Functional data to smooth should be defined on a univariate compact, but can be irregularly sampled. denoisr can also be used only for Hurst parameter estimation.

denoisr have a support for the package funData.

Model

Let \(I\) be a compact interval of \(\mathbb{R}\). We assume \(X^{(1)}, \dots, X^{(N)}\) to be an independent sample of a random process \(X = \left(X_t : t \in I\right)\) with continuous trajectories. For each \(1 \leq n \leq N\), and given a positive integer \(M_n\), let \(T_m^{(n)}, 1 \leq m \leq M_n\) be the random observation times for the curve \(X^{(n)}\). These times are obtained as independent copies of a variable \(T\) taking values in \(I\). The integers \(M_1, \dots, M_N\) represent an independent sample of an integer-valued random variable \(M\) with expectation \(\mu\). We assume that the realizations \(X\), \(M\) and \(T\) are mutually independent. The observations consist of the pairs \(\left(Y_m^{(n)}, T_m^{(n)}\right) \in \mathbb{R} \times I\) where \(Y_m^{(n)}\) is defined as \[Y_m^{(n)} = X^{(n)}(T_m^{(n)}) + \varepsilon_m^{(n)}, \quad 1 \leq n \leq N,~ 1 \leq m \leq M_n,\] and \(\varepsilon_m^{(n)}\) are independent copies of a centered error variable \(\varepsilon\).

Let \(t_0 \in I\) an arbitrarily fixed piont. The aim is to estimate \(X^{(1)}(t_0), \dots, X^{(N)}(t_0)\).

Example on temperature data

The Canadian temperature data correspond to the daily temperature at \(35\) different locations in Canada averaged over 1960 to 1994. This dataset is included in the package fda.

This section performs the smoothing of the Canadian temperature Weather data.

# Load data
data("canadian_temperature_daily")

This package manipulates lists to define functional data. So, functions are provided to convert it as functional data object defined in the package funData.

# Convert list to funData object
data_fd <- list2funData(canadian_temperature_daily)

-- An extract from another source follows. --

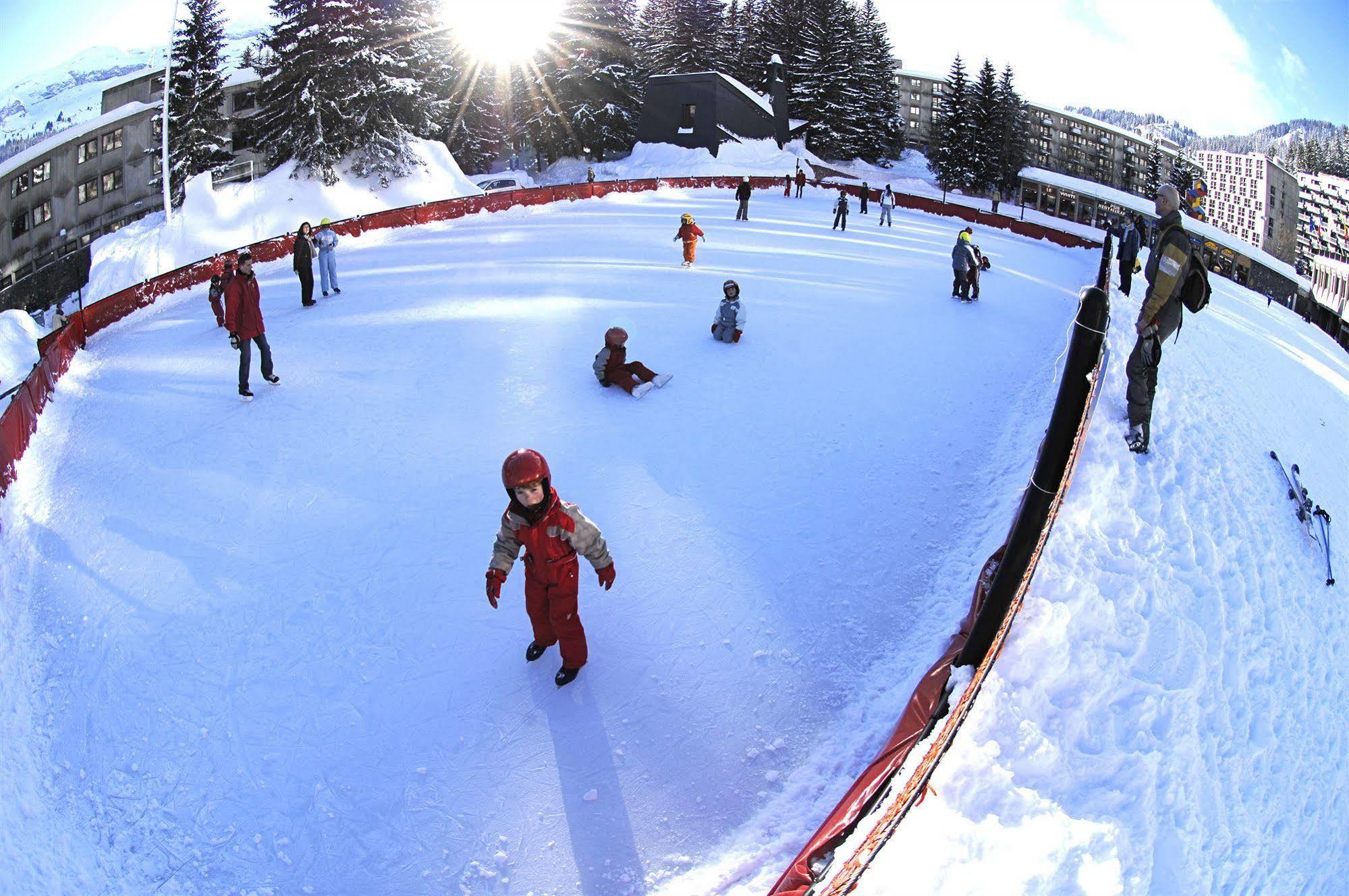 Hotel Club Mmv Le Flaine *** Kültér fotó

So, we can use all the available function for funData object. As an example, we can plot the data with the ggplot2 style.

# Plot of the data
autoplot(data_fd) + 
  labs(title = 'Daily Temperature Data',
       x = 'Normalized Day of Year',
       y = 'Temperature in °C') +
  theme_minimal()

The smoothing of the curves can be performed using the function smooth_curves. It accepts the parameter t0_list which correspond to the times where we want to estimate the bandwidth and the parameter k0_list which is the considered neighborhood.

# Smooth the data
smooth_data <- smooth_curves(canadian_temperature_daily, 
                             t0_list = 0.5, 
                             k0_list = 5)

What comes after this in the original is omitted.